The construction center, which oversees and coordinates public, private and street construction projects south of Canal St., is set to be phased out by the end of this month. Downtown Express first reported on Jan. 23 that D.O.T. will be stepping in to take over its functions, including project coordination meetings and community outreach.
Now, it’s also clear that those functions will be directly managed by staff through D.O.T.’s Lower Manhattan Borough Commissioner’s Office, which is led by Luis Sanchez, a Bloomberg administration appointee who has remained in office under Mayor de Blasio.
Nicholas Mosquera, a D.O.T. spokesperson, confirmed the staffing details in a Feb. 3 email to Downtown Express.
This transition into D.O.T. hands is creating apprehension among community leaders for two main reasons, given that there are more than 80 unfinished — and sometimes complaint-ridden — construction projects Downtown.
First, some of them believe the agency doesn’t have a great track record for responding to and dealing with 311 calls from members of the public. Up until now, residents have been largely satisfied with relying on the construction center to communicate their concerns directly to construction managers and city officials.
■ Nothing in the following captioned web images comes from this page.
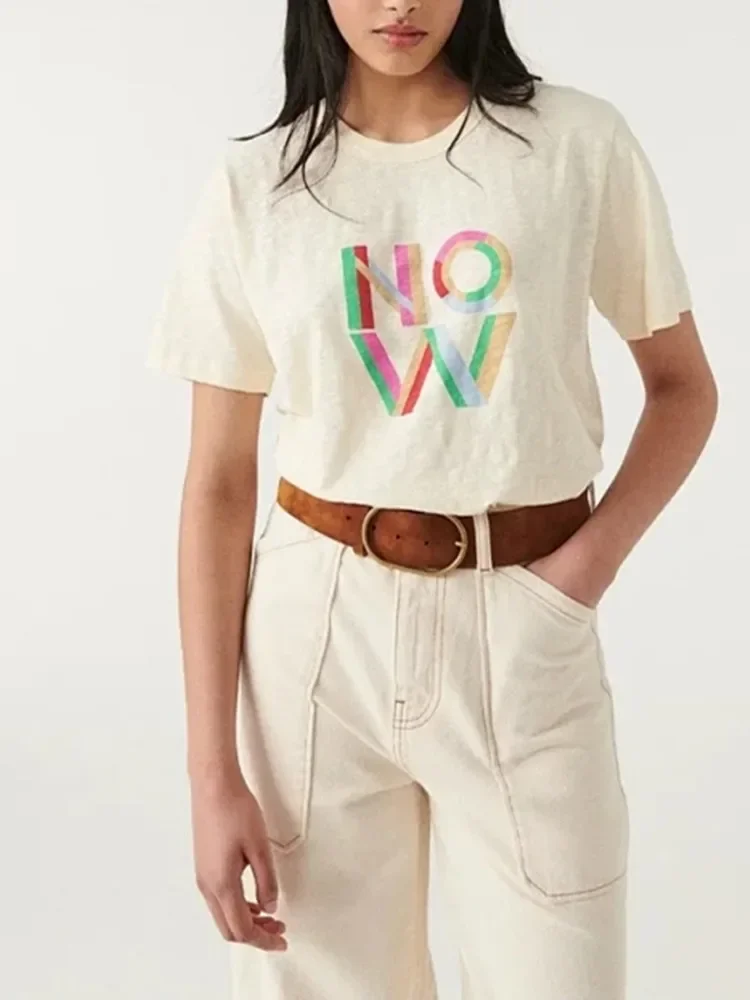 Женская футболка с круглым вырезом и коротким рукавом, Повседневная хлопковая Футболка контрастных цветов с принтом букв, новинка весны-лета 2023
Женская футболка с круглым вырезом и коротким рукавом, Повседневная хлопковая Футболка контрастных цветов с принтом букв, новинка весны-лета 2023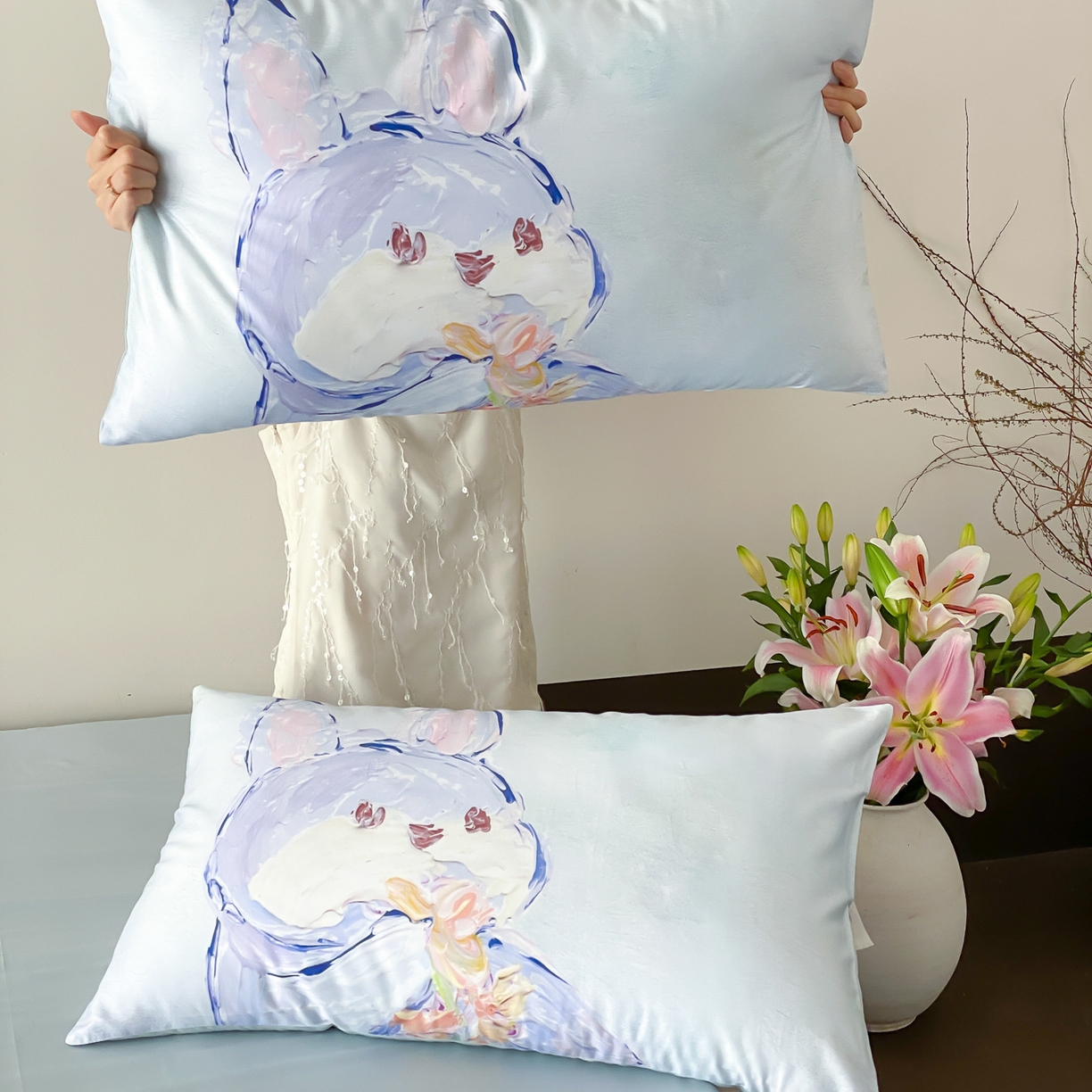 91家纺网 家纺一手货源 找家纺 云栖家居 2025新款50支数码印花单枕套48-74cm一只一对装 蓝色梦奇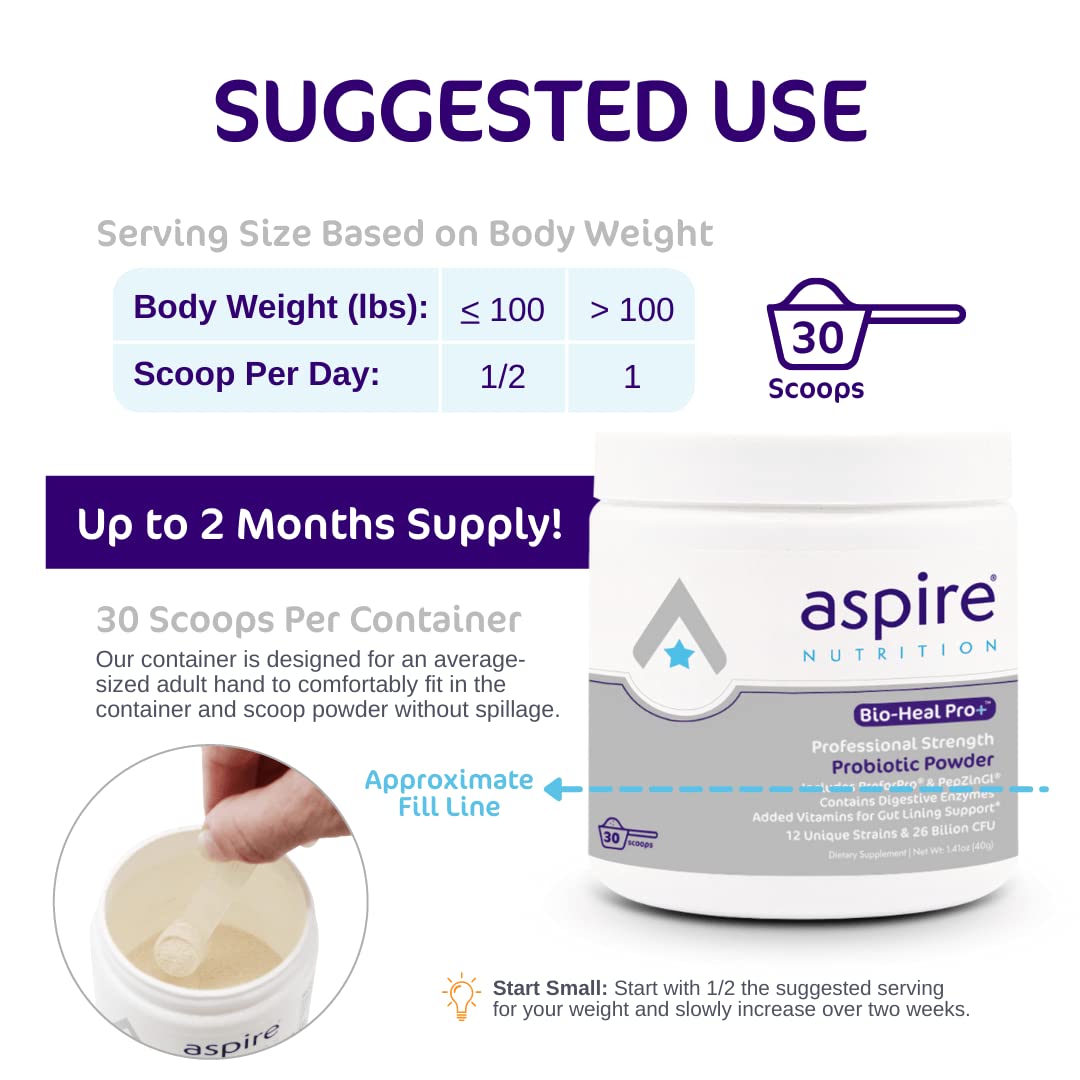 Front label of Aspire Bio-Heal Pro+ 6-in-1 probiotic powder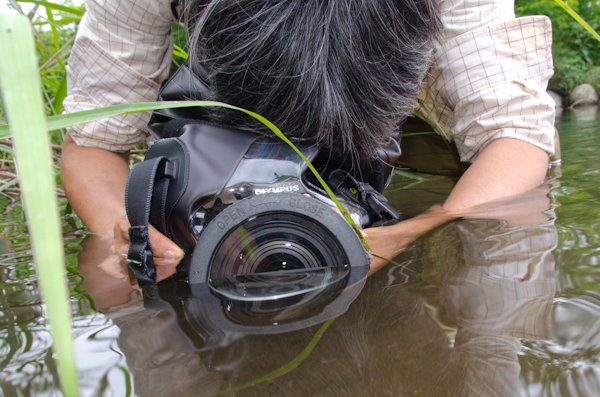 <b>半分水中に沈めたE-5に装着したズームレンズのワイド側（24㎜相当）で淡々とシャッターを切っていき、撮影完了</b>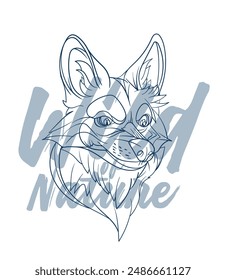 lion vector with text wild of nature in transparent background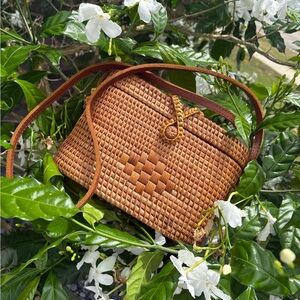 Brown Woven Crossbody Bag
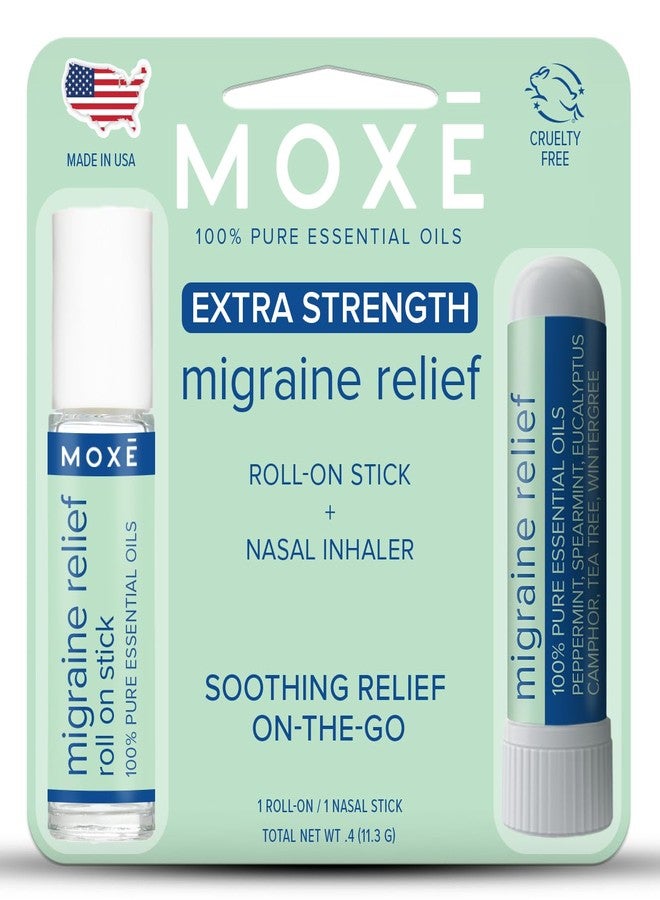 MOXE Migraine Rollon Stick & Nasal Inhaler, Fast Cooling Comfort for Headaches & Tension, Non-Medicated Soothing Vapors, Peppermint, Eucalyptus, and Other Essential Oils, Metal Roller, Made in USA - Image 1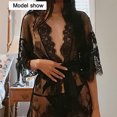 thumbnail image 3 of Lencería de mujer, vestido sexy tipo kimono de encaje, conjunto de lencería sexy de mangas anchas, ropa interior tipo negligé, bata transparente con cinturón de satén, 3 of 8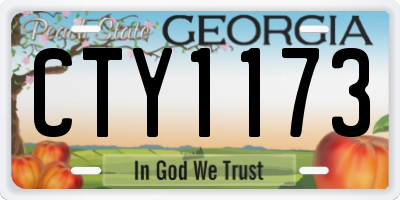 GA license plate CTY1173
“I just want to remind everybody of the ramifications of the L.M.C.C.C. being dismantled,” Chairperson Catherine McVay Hughes said at the board’s Financial District committee meeting Feb. 5., pointing out that residents with complaints will now have to call 311.
“And I don’t know how effective 311 has been for you,” Hughes said in a clearly concerned tone, “but that will be your main mechanism moving forward.”
Second, community board members have conflict-of-interest concerns about the fact that D.O.T. — which is in charge of granting permits for construction projects — will soon be overseeing the community’s requests and responses regarding the permitting process.
“L.M.C.C.C. has been a watchdog for people who live and work here,” said Hughes, “and since D.O.T. is also the issuer of permits, we will no longer have that watchdog.”
Board members immediately agreed with her thoughts in that regard.
“We don’t want the fox guarding the hen house,” said Ro Sheffe, chairperson of the FiDi Committee. “We all know about the problems that could cause.”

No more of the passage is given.